アナログに慣れ親しんだ編集脳をデジタル編集に切り替えて半年。ようやくマニュアルを見比べずにカット編集ができるようになりました。
動画を編集していて思うのは、テレビ業界の動きが鈍く感じられることです。
先ほど幕張で開催された国際放送機器展ではテレビ業界の新たなる戦略が披露されました。
しかし、ネットと連携したコンテンツ戦略や、フォーマット権の海外販売などどこかで聞いたことばかり。
かつて大画面やデジタル技術の競争を繰り広げた 国際放送機器展は、放送人にとってまだ見ぬ世界を見せてくれる夢の扉でした。
放送とネットの反応速度の差を感じます。
利用規約更新のインパクト
若い世代を中心に視聴習慣を大きく変えた投稿動画。その元締めともいえるYouTubeがこのほど利用規約を更新すると公表しました。実施は12月10日からです。
新しい利用規約では、YouTubeが独自の裁量で採算に合わないと判断したユーザーに対してサービスへのアクセスを解除できる、つまりはチャンネルを削除あるいはアカウントごと削除できるようになるということで、多くのユーザーからYouTube上での将来に対する不安の声が挙がっています。

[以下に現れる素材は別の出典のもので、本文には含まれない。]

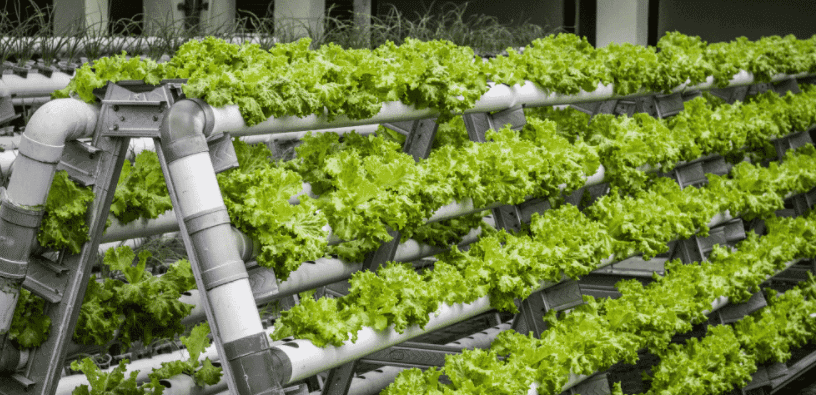 Vertical Farming At Home - Benefits, Equipment And Costs | CivilString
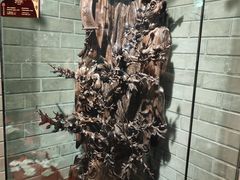 -乐山乌木文化博览苑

YouTubeの新しい利用規約が「採算の合わないチャンネル」を勝手に削除可能になるものだと物議を醸す|au Webポータル経済・ITニュース
一部のYouYubeの利用者の間ではアカウント削除への不安が広がっているようですが、私はYouTubeには別の意図があるように感じます。

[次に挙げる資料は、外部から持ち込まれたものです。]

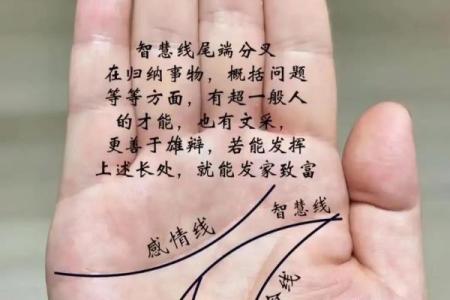 图解：手相障碍线算命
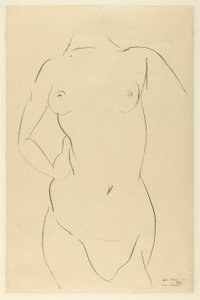 Torso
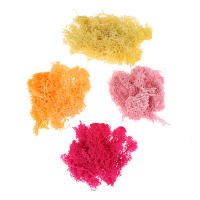 1Pc Moss Artificial De Colores Naturales Para Decoración De Joyería Jardín Y Epoxy Resina Decorativa Para Mesa - details 22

YouTubeと聞いて誰もが思い浮かべるのはエンタメコンテンツです。
衝撃的な映像。過激な主張。個性的なキャラクターのトーク。隙間時間に携帯で楽しめる利便性が視聴者層を掘り起こし、動画投稿のメディアを拡大してきました。
ところが今、時代に変化が起きつつあります。つい先日こんな動画がYouTubeに投稿されました。
やべ、Sam Pilgrim日枝神社降りてるのか。日本人にはできないな。俺も寂れた神社でやってしまったが https://t.co/mDiG4ayuP7
— naoyuki sasanami (@naotko) November 12, 2019
外国人マウンテンバイカーが神社の階段を駆け下ったり、公道を走行中のトラックにつかまって走ったりする非常識なふるまいです。

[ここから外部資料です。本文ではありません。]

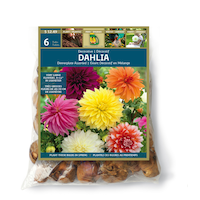 Dahlia Dinnerplate Bulbs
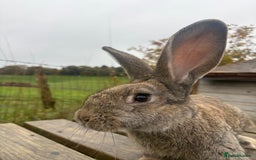 Continental Giant rabbits for sale: ONE female left!! B - Image 1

マウンテンバイクで神社の階段下る 投稿動画に批判続出:朝日新聞デジタル
こうした不穏当な動画投稿の拡大とそれに対する社会的な批判がこのところ目立ちます。
銃乱射事件の現場や富士樹海の自殺者の映像など、倫理的に問題のある動画の投稿で物議を醸すことも増えています。
表現の自由との兼ね合いで、削除には慎重な態度で臨んできたYouTubeの姿勢にも変化が出始めているようです。
“採算に合わない”とは何か
ご存じのようにYouTybeは広告費で成り立っています。
投資しても見返りがあるうちは規制という話は出てこないのが世の中の道理です。
ところがエンタメ系のコンテンツが需要を上回るにつれ飽和状態が起きはじめています。
飽和の中から生まれやすいのは、明らかに節度を越したコンテンツです。
毎分500時間の動画が投稿される中、近年は過激なコンテンツや不正確な情報の拡散など、悪質な投稿動画で物議を醸すことも増えている。「ユーチューバー」ともいわれる、動画を投稿し広告収入で稼ぐクリエーターも増える一方、ガイドラインの運用をめぐる批判も絶えない。
誰もがハマる「YouTube」は、本当に安全な場所か | インターネット | 東洋経済オンライン | 経済ニュースの新基準
それまで客寄せパンダとして大目に見てきたコンテンツも、” 採算に合わない”と判断すれば持ち続ける理由はないというわけです。
YouTube の投稿画面には最近次の一文が新たに掲載されるようになりました。
この動画は子ども向けですか?
ご自身の所在地にかかわらず、児童オンライン プライバシー保護法(COPPA)やその他の法令を遵守することが法的に必要です。自分の動画が子ども向けに制作されたものかどうかを申告する義務があります。
これを見て思うのが、放送におけるガイドラインです。公共電波を使う放送には”しばり”がかけられています。NHKでは放送ガイドラインが、民間放送では「日本民間放送連盟放送基準」などです。
YouTubeが打ち出した利用規約の更新は、本格的にメディアとしての領土を拡大するための取り組み。たとえて言うなら開発のための区画整理事業に相当するものだと思います。
放送を追い抜くまでに拡大したYouTubeが求めているものは良質なコンテンツです。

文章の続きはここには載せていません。